■ **Assignment**
Copy exactly the lines of the data below that run from the line holding "1866 Post Civil" through the line holding "I'm with You Blue Floral Card", both ends included.

[Stored entries]
————

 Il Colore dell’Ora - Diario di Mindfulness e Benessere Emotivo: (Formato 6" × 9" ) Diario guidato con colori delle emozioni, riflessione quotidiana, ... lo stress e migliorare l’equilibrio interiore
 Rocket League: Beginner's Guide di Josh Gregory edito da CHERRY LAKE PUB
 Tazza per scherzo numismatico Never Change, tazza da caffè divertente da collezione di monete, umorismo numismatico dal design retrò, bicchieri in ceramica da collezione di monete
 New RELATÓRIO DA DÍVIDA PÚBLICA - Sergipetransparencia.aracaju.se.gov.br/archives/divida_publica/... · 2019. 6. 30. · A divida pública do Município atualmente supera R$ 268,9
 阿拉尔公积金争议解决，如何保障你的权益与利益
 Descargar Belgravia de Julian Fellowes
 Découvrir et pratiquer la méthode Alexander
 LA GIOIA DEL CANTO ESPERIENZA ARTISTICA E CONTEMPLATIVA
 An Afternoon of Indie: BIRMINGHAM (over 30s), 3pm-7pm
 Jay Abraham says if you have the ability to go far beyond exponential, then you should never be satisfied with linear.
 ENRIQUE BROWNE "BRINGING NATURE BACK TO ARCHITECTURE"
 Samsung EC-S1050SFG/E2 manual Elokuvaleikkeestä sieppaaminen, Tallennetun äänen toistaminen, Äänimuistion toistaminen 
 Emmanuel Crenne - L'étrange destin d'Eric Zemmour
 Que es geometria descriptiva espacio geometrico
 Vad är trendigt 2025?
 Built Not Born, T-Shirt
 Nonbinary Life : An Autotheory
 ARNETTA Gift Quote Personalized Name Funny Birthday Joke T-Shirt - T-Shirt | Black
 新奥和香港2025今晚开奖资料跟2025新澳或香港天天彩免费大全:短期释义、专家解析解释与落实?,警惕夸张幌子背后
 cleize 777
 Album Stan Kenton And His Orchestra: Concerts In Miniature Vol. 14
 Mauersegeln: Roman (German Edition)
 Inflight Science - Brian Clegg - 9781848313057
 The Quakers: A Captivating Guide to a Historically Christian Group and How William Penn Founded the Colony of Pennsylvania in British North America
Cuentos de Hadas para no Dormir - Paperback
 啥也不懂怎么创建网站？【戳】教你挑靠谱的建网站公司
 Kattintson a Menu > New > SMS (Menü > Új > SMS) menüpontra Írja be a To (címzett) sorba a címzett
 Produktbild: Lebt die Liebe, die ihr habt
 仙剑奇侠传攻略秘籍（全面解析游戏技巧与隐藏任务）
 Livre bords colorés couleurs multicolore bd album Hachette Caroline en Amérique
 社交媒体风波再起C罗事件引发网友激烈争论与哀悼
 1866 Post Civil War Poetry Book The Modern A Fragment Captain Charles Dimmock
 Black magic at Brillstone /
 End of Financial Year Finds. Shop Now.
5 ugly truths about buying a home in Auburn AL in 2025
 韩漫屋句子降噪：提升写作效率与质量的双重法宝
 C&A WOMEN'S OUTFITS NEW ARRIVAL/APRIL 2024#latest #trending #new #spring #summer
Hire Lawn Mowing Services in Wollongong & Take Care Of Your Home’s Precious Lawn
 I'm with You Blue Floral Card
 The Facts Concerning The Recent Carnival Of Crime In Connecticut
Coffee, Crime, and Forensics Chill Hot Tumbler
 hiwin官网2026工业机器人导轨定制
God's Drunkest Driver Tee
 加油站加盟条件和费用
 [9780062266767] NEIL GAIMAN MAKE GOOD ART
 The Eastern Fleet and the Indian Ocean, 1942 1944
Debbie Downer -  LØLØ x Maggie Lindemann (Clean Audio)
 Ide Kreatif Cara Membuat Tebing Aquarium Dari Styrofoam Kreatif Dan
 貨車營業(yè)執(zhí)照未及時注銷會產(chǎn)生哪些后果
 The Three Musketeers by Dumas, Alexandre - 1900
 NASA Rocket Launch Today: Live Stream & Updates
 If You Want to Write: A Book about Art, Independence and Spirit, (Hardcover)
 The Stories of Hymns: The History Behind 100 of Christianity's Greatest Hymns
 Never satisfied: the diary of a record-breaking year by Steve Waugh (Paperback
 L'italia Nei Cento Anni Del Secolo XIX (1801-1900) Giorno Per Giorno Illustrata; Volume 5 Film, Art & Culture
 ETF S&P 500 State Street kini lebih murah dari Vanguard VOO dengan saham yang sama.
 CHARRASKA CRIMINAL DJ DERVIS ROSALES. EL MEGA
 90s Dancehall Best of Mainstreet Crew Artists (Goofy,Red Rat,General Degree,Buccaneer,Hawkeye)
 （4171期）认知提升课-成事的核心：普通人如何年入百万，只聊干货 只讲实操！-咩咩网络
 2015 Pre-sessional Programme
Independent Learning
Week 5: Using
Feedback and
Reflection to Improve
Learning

————

■ **Task solution**
 1866 Post Civil War Poetry Book The Modern A Fragment Captain Charles Dimmock
 Black magic at Brillstone /
 End of Financial Year Finds. Shop Now.
5 ugly truths about buying a home in Auburn AL in 2025
 韩漫屋句子降噪：提升写作效率与质量的双重法宝
 C&A WOMEN'S OUTFITS NEW ARRIVAL/APRIL 2024#latest #trending #new #spring #summer
Hire Lawn Mowing Services in Wollongong & Take Care Of Your Home’s Precious Lawn
 I'm with You Blue Floral Card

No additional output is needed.